- _About this task_: Print out each entry below in full, exactly as given, excluding pictures.

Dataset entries

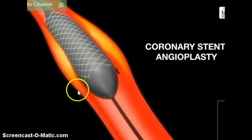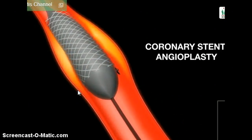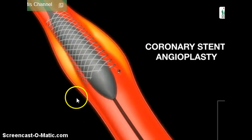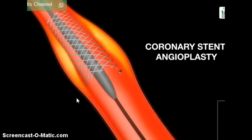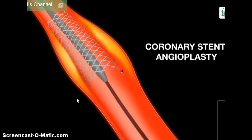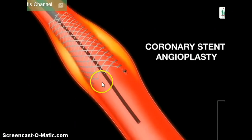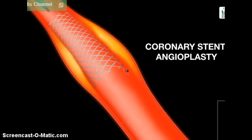That will expand the stent and deploy it. The balloon is then deflated and removed, and the stent stays in place.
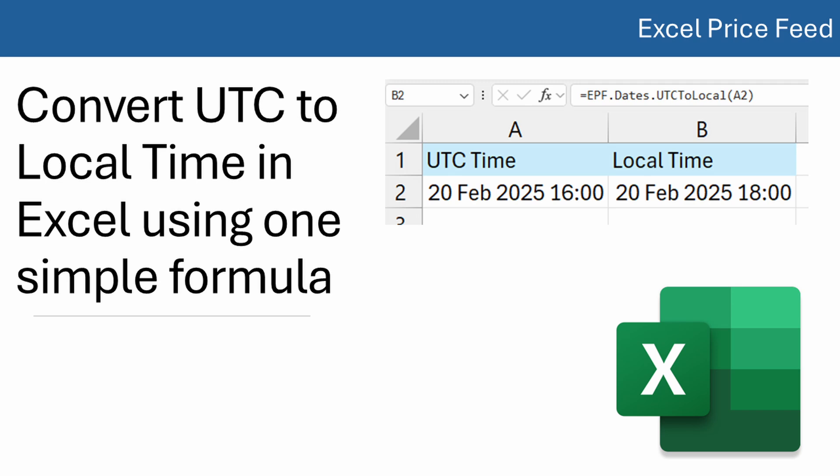Usually when working with financial data, dates and times are specified in UTC, which is important for maintaining consistency across time zones.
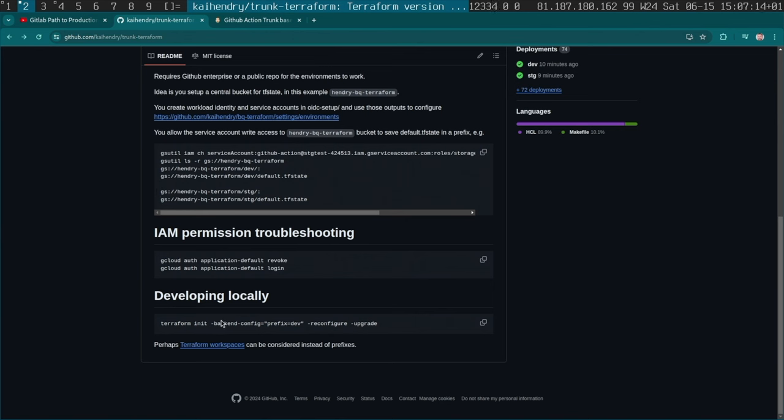Once you're set up, you use a prefix on your backend to distinguish between environments. I would even go so far as to allow developers to develop on dev — to accommodate local development. It's all about speed. So allow developers to plan and maybe even apply on dev, of course not on staging, and definitely not on production.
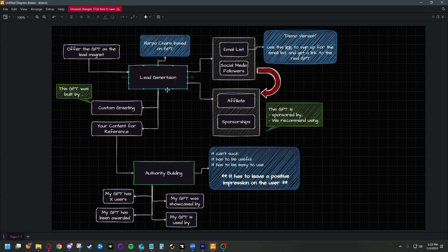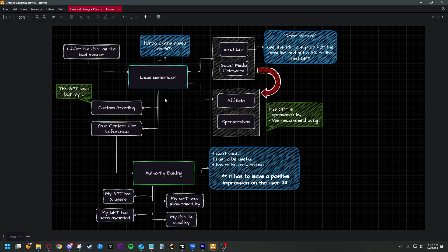The setup is very simple — we're just creating some custom instructions saying 'Thank you for using this, we recommend this tool, this thing is sponsored by whoever.' Now if we want to take this further, we can use the custom GPT not just to generate leads but to build our authority and our expertise within a specific group. We want people to know that we're the ones who built it, and use it as a sign that we're actually good at what we do.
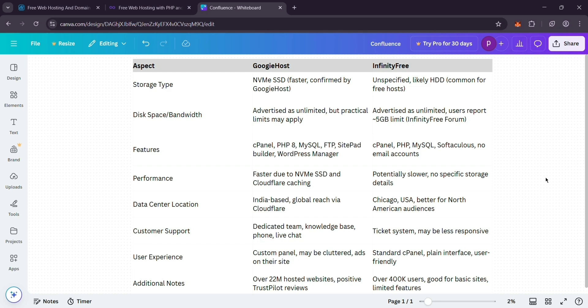Location-wise, Googie Host could reach global users better, while Infinity Free is stronger for North Americans. Support: Googie Host has a team and chat. Infinity Free just has tickets, so it might be slower.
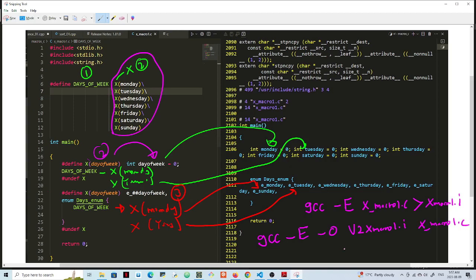So these are two different ways to generate this output that I have here. Now when I have the output, this X macro one dot I, what I did was to use Vim. So I did a VI into X macro one dot I, and then I hit escape and then colon, then I set number so I can get the number. So all of this is on the side, but the idea in this video is to get a better understanding of X macro.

- _Response_:
That will expand the stent and deploy it. The balloon is then deflated and removed, and the stent stays in place.
Usually when working with financial data, dates and times are specified in UTC, which is important for maintaining consistency across time zones.
Once you're set up, you use a prefix on your backend to distinguish between environments. I would even go so far as to allow developers to develop on dev — to accommodate local development. It's all about speed. So allow developers to plan and maybe even apply on dev, of course not on staging, and definitely not on production.
The setup is very simple — we're just creating some custom instructions saying 'Thank you for using this, we recommend this tool, this thing is sponsored by whoever.' Now if we want to take this further, we can use the custom GPT not just to generate leads but to build our authority and our expertise within a specific group. We want people to know that we're the ones who built it, and use it as a sign that we're actually good at what we do.
Location-wise, Googie Host could reach global users better, while Infinity Free is stronger for North Americans. Support: Googie Host has a team and chat. Infinity Free just has tickets, so it might be slower.
So these are two different ways to generate this output that I have here. Now when I have the output, this X macro one dot I, what I did was to use Vim. So I did a VI into X macro one dot I, and then I hit escape and then colon, then I set number so I can get the number. So all of this is on the side, but the idea in this video is to get a better understanding of X macro.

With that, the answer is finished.